Though most other Asian currencies gained, their upside was limited by investors' wariness over the potential for intervention by central banks, dealers said.

"We should open a door to dollar buying intervention by almost all Asian countries, except Indonesia," said Yuna Park, a currency and bond analyst at Dongbu Securities in Seoul.

Model funds and interbank speculators sold the Singapore dollar, while investors also showed interest in selling the city-state's currency against the Malaysian ringgit.

The Singapore dollar touched 1.2314 against the US dollar, its weakest since Oct. 10, and technical factors could push it down to 1.2336, its weakest since October last year.

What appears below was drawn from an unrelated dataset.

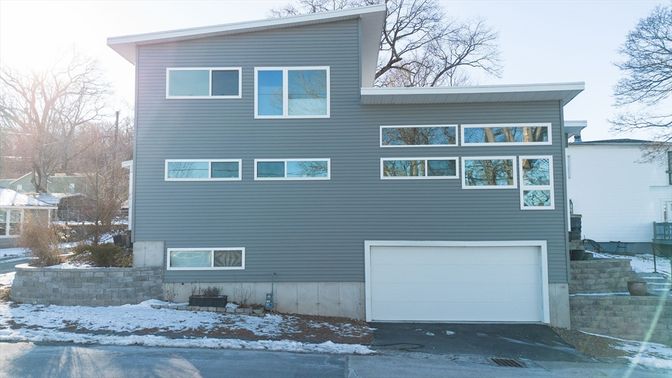 Attached, Exterior, Facade, Modern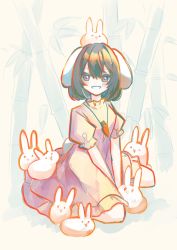 Rule 34 | 1girl, :d, animal, animal ears, animal on head, arm support, bad id, bad twitter id, between legs, black hair, blush, carrot necklace, commentary, dress, full body, hair between eyes, hand between legs, highres, inaba mob (touhou), inaba tewi, jewelry, looking at viewer, medium hair, necklace, on head, open mouth, pink dress, puffy short sleeves, puffy sleeves, rabbit ears, rabbit girl, rabbit tail, red eyes, sabatuki, short sleeves, sitting, smile, solo, tail, touhou, wariza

The city-state's currency has lost 0.7 per cent so far this year, according to Thomson Reuters data.

Manufacturing activity in Singapore contracted for a sixth consecutive month in December, bucking the improvement seen in many other countries, an industry survey showed last week.

The weak data was seen raising chances that the Monetary Authority of Singapore would intervene to dampen the strength of a Singapore dollar that rose 6.1 per cent against the US dollar last year.

"The data remains fairly poor, so that is seeing the Singapore dollar underperform some of the other currencies within the region," said Jonathan Cavenagh, a senior FX strategist at Westpac in Singapore.

The won turned weaker after hitting a 17-month high against the dollar as the South Korean authorities were spotted selling the currency to forestall further appreciation, prompting traders to cover short dollar positions, dealers said.

In contrast to regional peers trying to slow down appreciation in their currencies, Indonesia's central bank has been spotted selling dollars to prop up the rupiah.

Still, dealers and analysts expect emerging Asian currencies to stay firm due to expectations that the Bank of Japan will deliver more policy stimulus.

Japan's newly-elected Prime Minister Shinzo Abe reiterated his call for bold easing by the central bank, big fiscal spending and an economic growth strategy as steps towards conquering deflation.